The relationship between music and images in French non-fiction TV programs.
From a media inherited practice to an autonomous one (1949-2015)
Abstract
Since the beginning of TV program production
in France, pre-existing music has been
used more and more frequently in the
background of news programs, magazines,
or reality shows. Though music in fiction TV
programs has been a matter of academic
interest since the late 70’s (Tagg, 1979; Frith,
2002 and Coates, 2007), non-fiction
programs have enjoyed but little attention
from the academic world. In a context of
socio-cultural and socio-economic change
for music and television for 60 years, this
article discusses the following questionings:
How has the relationship between images
and music on TV evolved since 1949? Was it
built upon media-inherited techniques or did
television media make up their own practices?
A statistical analysis has been performed
on 140 TV programs broadcast between
1949 and 2015 and a music/image classification
has been used to test close to 2000
extracts from preexisting music tracks. Built
upon Roger Bowman (1949) and Ron
Rodman’s (2010) proposals on music in
fiction TV programs, this classification
allows us to adopt a perspective drawing
from socio-economic and semiotic approaches.

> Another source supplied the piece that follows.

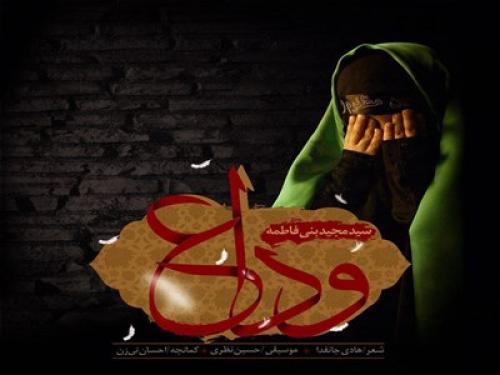 فیلم/ نماهنگ وداع به مناسبت شهادت حضرت رقیه(س) با صدای حاج سیدمجید بنی‌فاطمه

Three time-periods have been
identifies : 1950-1980: inherited music
integration ; 1980-2000: editorial music
integration ; 2000-2015: hyper-contextualized
music integration. At first, music was
thus used much in the way it had been in
other media (space-time contextualization,
leitmotiv…). Then, from the 80’s onwards, it
started to reflect the editorial policy of the
channels, especially the French music
channel, M6. Finally, since the 2000’s, even
though these aspects remain valid, we have
observed the emergence of “hyper-contextualization”
processes, where verbatim use
of lyrics has become common practice.